What are Utahs wardens like if you are using an Ar-15 style rifle? Even if its a .22 do they get pretty bent out of shape?


----------



## Wind In His Hair (Dec 31, 2009)

Everything you need to know about rabbit hunting in Utah is right here:

http://wildlife.utah.gov/guidebooks/2010_pdfs/2010-11_upland_game.pdf

There is no restriction on magazine capacity, or even caliber for rabbits, so the wardens won't care what your gun looks like. Just nothing full-auto capable. I've never been hassled, and I don't know anyone who has. A typical rabbit drive amongst my group usually involves at least one person with a semi-automatic of some sort.

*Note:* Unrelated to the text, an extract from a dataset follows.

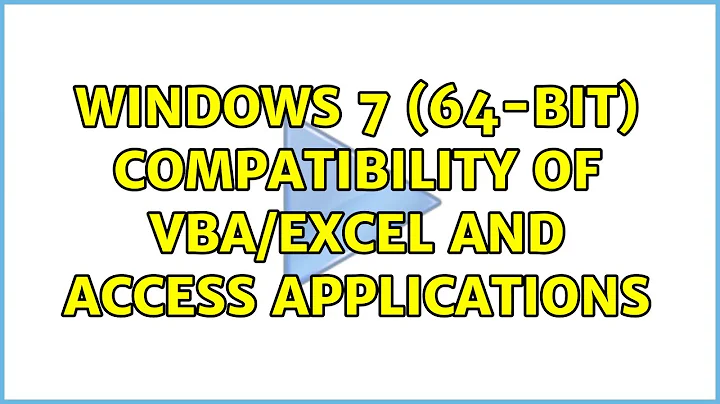 Windows 7 (64-bit) compatibility of VBA/Excel and Access applications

Reb is right. The squirrels are kinda "iffy", better check with someone in DWR about that. We aren't really known for being a squirrel hunting destination. Cottontails and snowshoes require a license and have a season and bag limits. The season is closed, it is usually September-February. Jackrabbits can be hunted year round with no license and have no bag limit. So if you're coming down before September all you can hunt is jacks.


----------



## flyfisher117 (Jun 29, 2009)

Squirrels arent the main target my dad just has a buddy down there with property and its got a few small little ground squirrel towns, not even sure if i would go out to his property just want to have my options open. And im not into hunting cottontails, theyre to small and fuzzy id rather try to get a picture of one.

Only reason im curious about looks of guns is because some wardens just flat out despise the AR platform and if they see someone hunting with them they get a bit over inflated and like to pester the hunter.


----------



## Guest (Mar 13, 2011)

flyfisher117 said:


> ... Not sure why im not getting emails when i get replys but...
> 
> What are Utahs wardens like if you are using an Ar-15 style rifle? Even if its a .22 do they get pretty bent out of shape?


utah fish cops get bent out of shape if you sneeze in their presence... they get mad over the dumbest things. i wouldnt worry too much about what they have to say as long as you are legal 100% of the time 8)


----------



## Fishrmn (Sep 14, 2007)

Wind In His Hair said:


> Everything you need to know about rabbit hunting in Utah is right here:
> 
> http://wildlife.utah.gov/guidebooks/2010_pdfs/2010-11_upland_game.pdf
> 
> ...





> Weapon and ammunition
> requirements
> 50 CFR 20.21, Utah Code § 23-20-3 and Utah Admin. Rule R657-6-6 and R657-6-7
> *Upland game* may be taken with a shotgun no larger than 10 gauge, a handgun or with archery equipment. Ammunition for shotguns and handguns must be one-half ounce or more of shot between sizes no. 2 and no. 8.
> ...


It doesn't say you can't use full auto on jack rabbits. You can't use them on Upland Game Animals. Jacks, coyotes, red fox, squirrels *aren't* considered Upland Game.

Fishrmn


----------